Pass der Bergtouren

  1. Klasse der technischen Bergtouren.
  2. Gebiet 2.10, Kaukasus, Berge von Dagestan, Chechychai-Schlucht.
  3. Erydag, 3925 m, Punkt 31–32, Route von S. Efimov 1981, über den linken Teil der NW-Wand durch „Zerkalo“, Felsroute.

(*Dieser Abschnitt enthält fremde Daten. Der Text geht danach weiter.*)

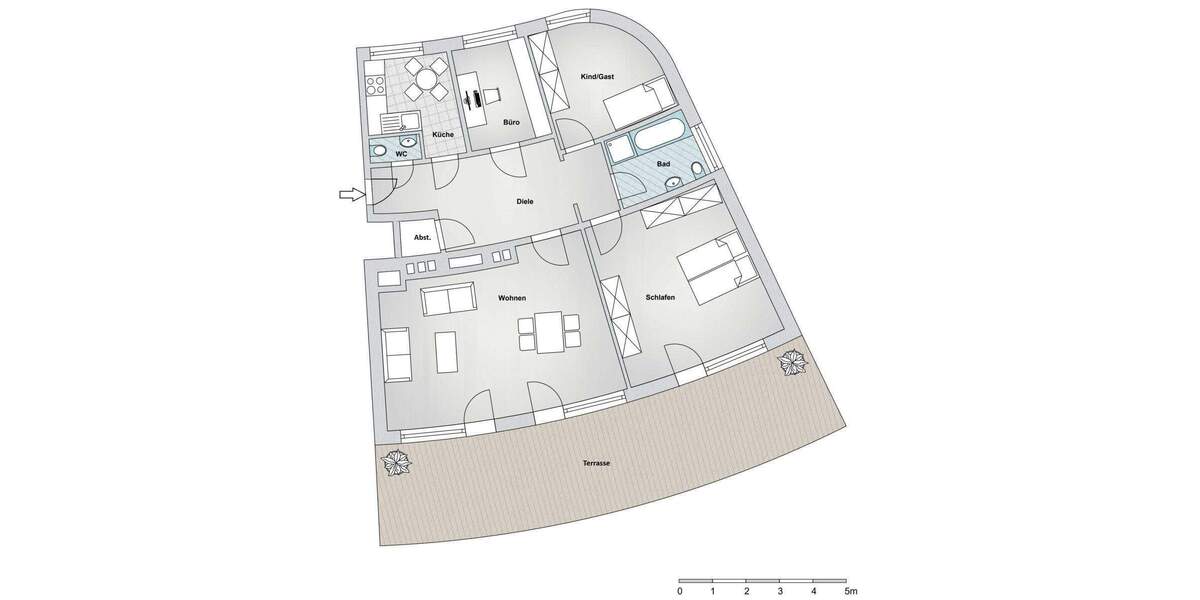 Etagenwohnung Hamburg Uhlenhorst - 3 Zimmer, 110 m&sup2;, 1.500.000&euro; | Angebot:25707976
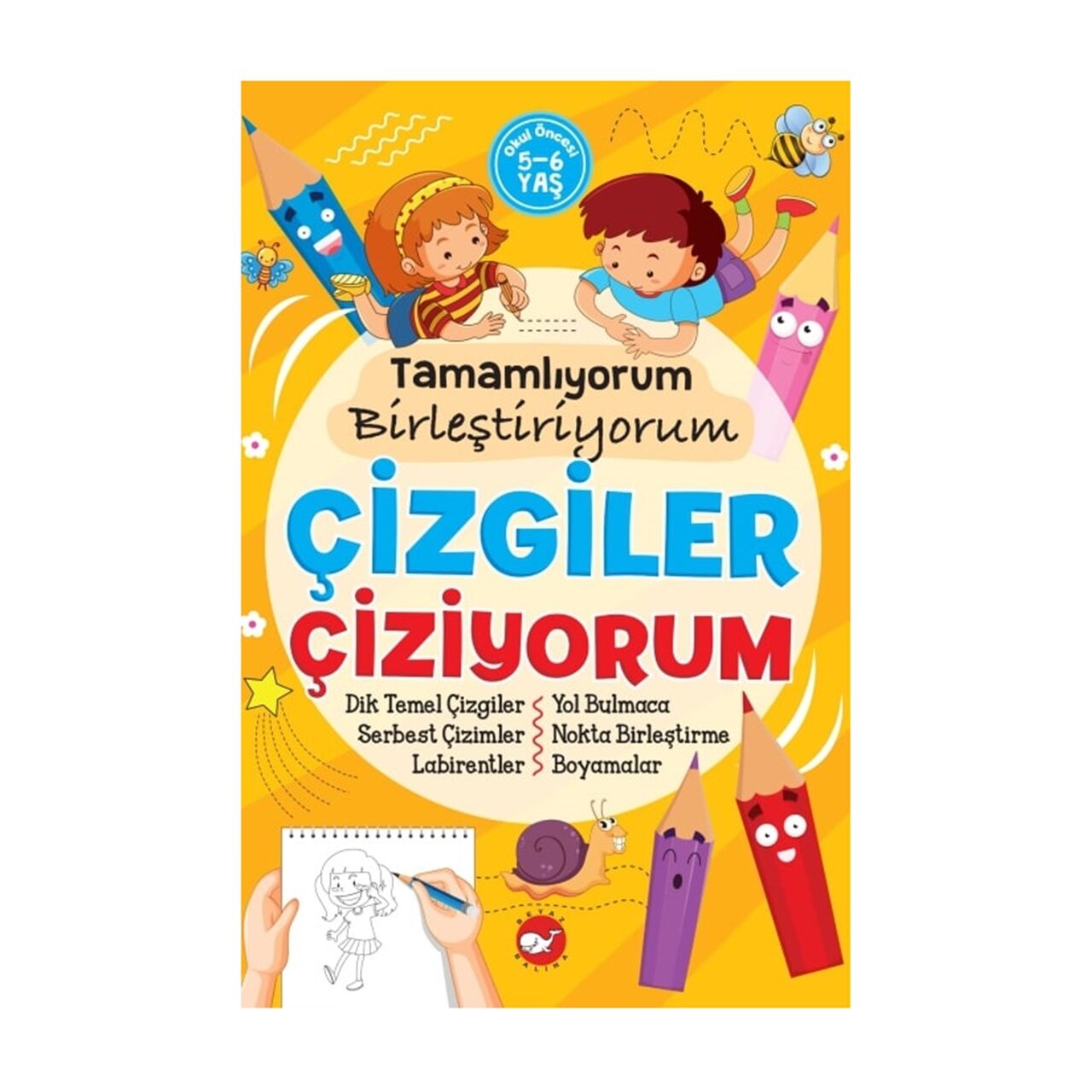 Tamamlıyorum Birleştiriyorum Çizgileri Çiziyorum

  4. 6A Schwierigkeitsgrad, 3. Begehung.
  5. Charakteristik der Route: Höhendifferenz der Route 1065 m, Höhendifferenz der Wand 940 m (von 2860 bis 3800 m), durchschnittliche Steilheit der Wand 70°, Länge der Route 2400 m, Länge des Wandteils der Route 1100 m (Abschnitte R3–R19 und R20–R60 an Fels UIAA), Länge der Abschnitte: 1 — 1075 m, 2 — 295 m, 3 — 65 m, 4 — 170 m, 5 — 610 m, davon 90 m auf IT0, 6 — 185 m, davon 120 m auf IT0, insgesamt Kletterei auf IT0 — 210 m, davon 25 m auf Sky-Hook, Schwierigkeitsgrad der Kletterei auf IT0: A1–55 m, A2–95 m, A3–60 m.

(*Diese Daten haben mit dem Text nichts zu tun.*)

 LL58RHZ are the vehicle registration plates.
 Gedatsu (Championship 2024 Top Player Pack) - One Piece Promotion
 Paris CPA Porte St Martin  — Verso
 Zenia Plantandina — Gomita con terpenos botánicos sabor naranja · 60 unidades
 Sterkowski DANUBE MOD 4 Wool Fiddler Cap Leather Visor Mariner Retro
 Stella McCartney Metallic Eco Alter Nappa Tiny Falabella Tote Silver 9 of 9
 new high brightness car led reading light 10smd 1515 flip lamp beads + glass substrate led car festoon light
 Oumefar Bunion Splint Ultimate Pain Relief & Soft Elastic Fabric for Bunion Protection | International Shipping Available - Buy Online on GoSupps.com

  6. Verwendet: Felshaken 216/99, normale Felshaken 114/44, Bohrhaken 53/23, Felsvorsprünge 3. Davon verwendet: zuvor platzierte und nicht entfernte Felshaken — 2 Stück, zuvor eingeschlagene und nicht entfernte normale Felshaken — 8 Stück, zuvor eingeschlagene Bohrhaken — 24 Stück, zuvor gebohrte Löcher für Sky-Hook — 10 Stück. Auf der Route zurückgelassen: Felshaken — 2 Stück, normale Felshaken — 3 Stück, Löcher von Bohrhaken — 29 Stück.
  7. Arbeitszeit der Mannschaft — 3 Tage, Stunden — 37,5, davon abendliche Vorarbeit — 4 Stunden.

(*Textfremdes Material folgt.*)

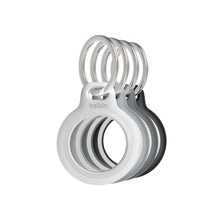 Load image into Gallery viewer, Belkin Apple AirTag Secure Holders with Key Ring - Durable, Scratch-Resistant Case with Open Face &amp; Raised Edges
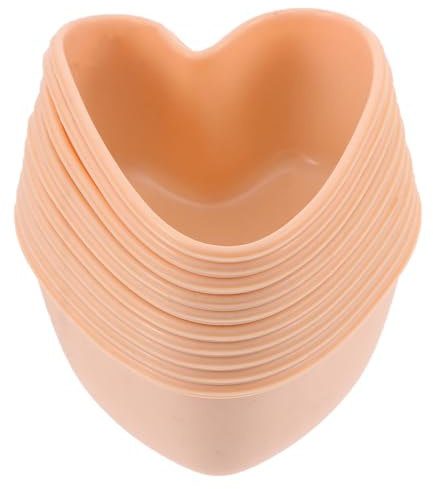 ULTECHNOVO Juego de 10 Moldes de Silicona para Hornear Tartaletas en Forma de Corazón Rosa, Ideales para Pasteles Cocinar al Vapor Fácil Desmolde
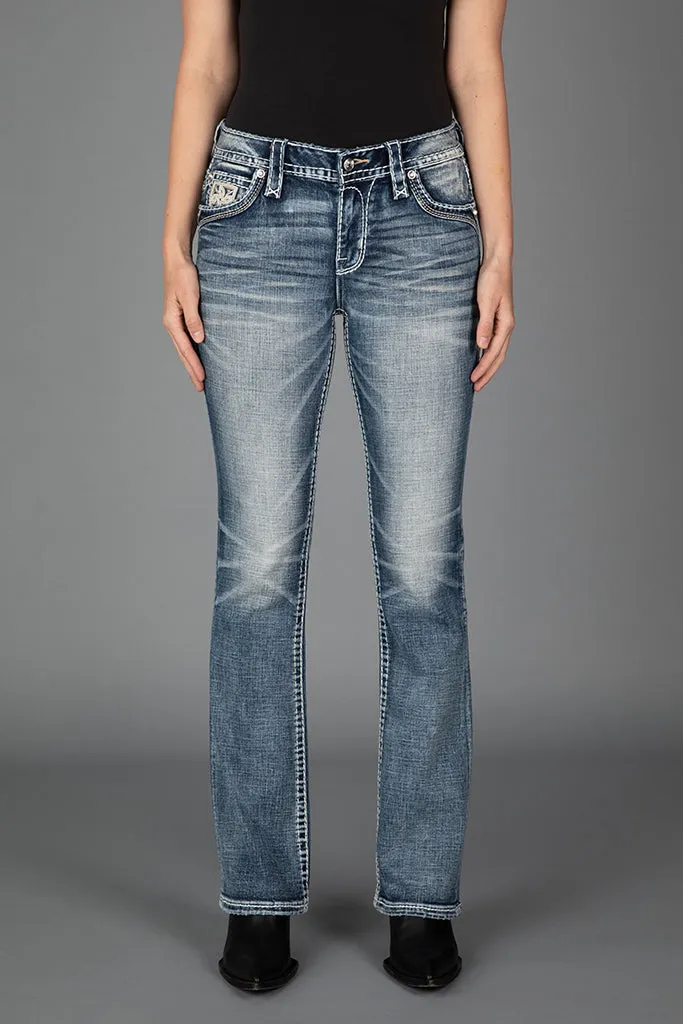 Maaria Bootcut Jeans sold by Rock Revival product image thumbnail 3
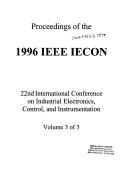 Proceedings of the 1996 IEEE IECON : 22nd International Conference on Industrial Electronics, Control, and Instrumentation /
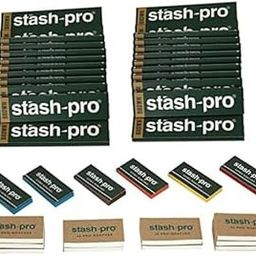 Stash Pro Combo of 12 Brown Rolling Paper with 10 Colored Roach Book-19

  8. Übernachtungen: 1. (3250 m) liegend in einer Nische auf einer ausgelegten Plattform für drei Personen; 2. (3550 m) eine Person im Hängematte, zwei Personen halb liegend auf einer ausgelegten Plattform.
  9. Leiter: Dorro Konstantin Eduardovich — KMS Teilnehmer:
    • Velikanov Vladimir Yuryevich — KMS
    • Shanavazov Shanavaz Eldarovich — KMS
  10. Trainer: Murtazaliev Ziyabudin Murtazalievich — 1. Sportklasse
  11. Aufstieg zur Route — 18. Juni 1996. Gipfel — 20. Juni 1996. Rückkehr zum Basislager „Erydag“ — 21. Juni 1996.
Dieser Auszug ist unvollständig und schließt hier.